In a normal year, USF’s annual Human Rights Film Festival consists of numerous days of packed rooms across campus, and projections of films onto big screens, followed by discussion with the artists who made the films. This year, however, students and faculty tuned in from all over the world on Zoom.
Media studies professor Mark Taylor, one of the organizers of the festival this year, said, “The media studies department decided that we were going to carry on and overcome the challenge of doing the festival online.”
The festival featured a total of five films, each with their own niche within the broad topic of human rights. The films were available for streaming online during specific times throughout the week, and these streamings were accompanied by Zoom Q&A sessions with the directors of the films and USF professors who helped make the event possible.
Taylor said gaining online streaming rights to the films was a difficult process, since generally when films are displayed at festivals, the distributors only have to worry about having them available in a specific location. “Film distributors wanted to limit access but we needed to keep it open because our students are distributed around the globe right now,” he said. “That was a really big concern for us. We were working very closely with ITS [to make this possible].”
The first film, “Institutions of Fear” was directed by Montsé Armengou and Ricard Belis. It exposes the lives of children in Spain, locked in orphanages and religious schools during 1977. This film was streamed Tuesday, Feb. 23 followed by a Q&A with director Armengou and USF professors Aránzazu Borrachero and Pedro Lange Churión.

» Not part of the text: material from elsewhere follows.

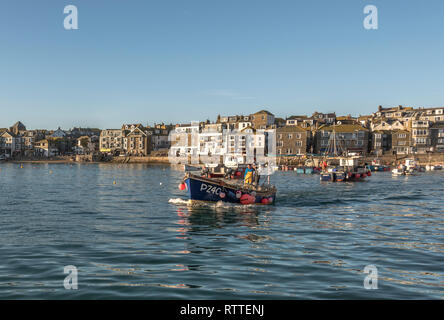 Angeln Boot heraus zu den Fanggründen von St. Ives Harbour St. Ives, Cornwall UK Europa Stockfoto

“Unsettled: Seeking Refuge in America” was shown the next day, followed by a Q&A with Director Tom Shepard and USF media studies professor Karina Hodoyan. It illuminates the untold stories of LGBT refugees who have had to leave their tumultuous countries behind to start a new life in the United States. The film is available on DVD, Blue Ray, or Good Docs for streaming.
The last three films were shown together on the final day of the festival. “La Lucha Sigue” directed by Sam Vinal, was about the work of various social movement organizations. “Belly of the Beast” directed by Erika Cohn, was centered around exposing modern-day eugenics and reproductive injustice in California prisons, and is now available for streaming on Amazon Prime along with the last film “Couper Was Here,” directed by Nicole Foley, which was about an unhoused woman who supports herself using small monthly disability checks in San Francisco. The film directors, environmental and media studies students, USF professor Lara Bazelon, and Jackie Ramos — an instructor for the McCarthy Center’s Community Empowerment Activists — all took part in the Q&A sessions.